In an effort to reset and refocus, I picked up my Thirteen Clan
Mothers book (see resources)to reflect upon the lessons of the Clan Mother for this month.
Walks Tall Woman…Hmmm. It seems I have been manifesting a replication of Walks
Tall Woman’s initial way of being in the world-a high level of pushing energy
and over activity followed by collapse and exhaustion. So what lessons can I take from her teaching
for moving through the last part of this cycle, as well as the next part of my
life? Can I bring a balance to my personal expectations and my drive to achieve,
with the faith of being in the present moment and being willing to listen and
act according to Divine Will? Can I become aware of my own inner rhythm rather
than falling prey to perfectionism and workaholism?

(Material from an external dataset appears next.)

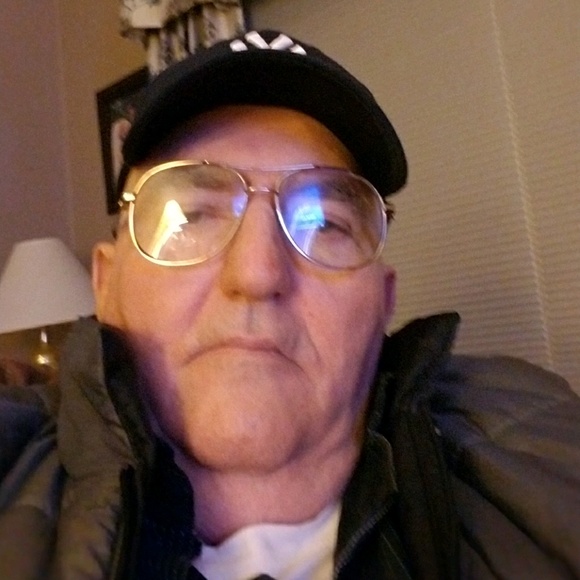 Profile Picture of Paul Clogher (@cloghers) on Poshmark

By taking time for myself, away from my partner, away from the pull of
holiday preparations, away from all that is not priority in my life, I can
achieve a state of balance. I am aware of needing to be clearer about the amount
and kind of alone time I truly need. There is a balance between alone time and
isolating. I need to learn to be aware
of my own physical rhythms and cycles. No longer having a menstrual flow to
remind me, what is the rhythm of this wise body? In my whole-person counseling
practice I walk with my clients as their guide and witness down the paths of
knowledge, hope, balance and change. In
my own life, I take the same paths, and I, too, need a witness and guide for my
own journey. While I already have these
guides in my life, I know I can use their skills and knowledge more fully than
I have to help me manifest my life more fully.

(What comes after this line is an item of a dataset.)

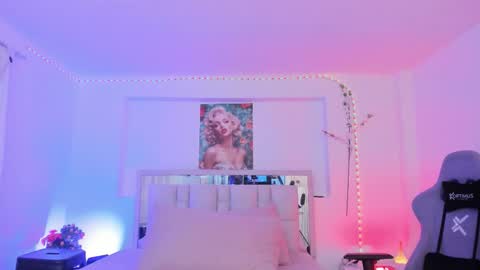 Samanta online show from November 2025 12:48:02 PM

As I move into the waning phase of
this November Moon Cycle, I am not releasing new manifestations-that was last
month’s journey. I am, rather, releasing
an old pattern (several old patterns) and being observant of what comes forward
as a new way of being. I am reminded in
the Walks Tall Woman story that I, too, am called to lead by example. The nature of my work in all my roles calls
for this. I can laugh at myself as well,
knowing how I often lead by the example of my missteps and foibles.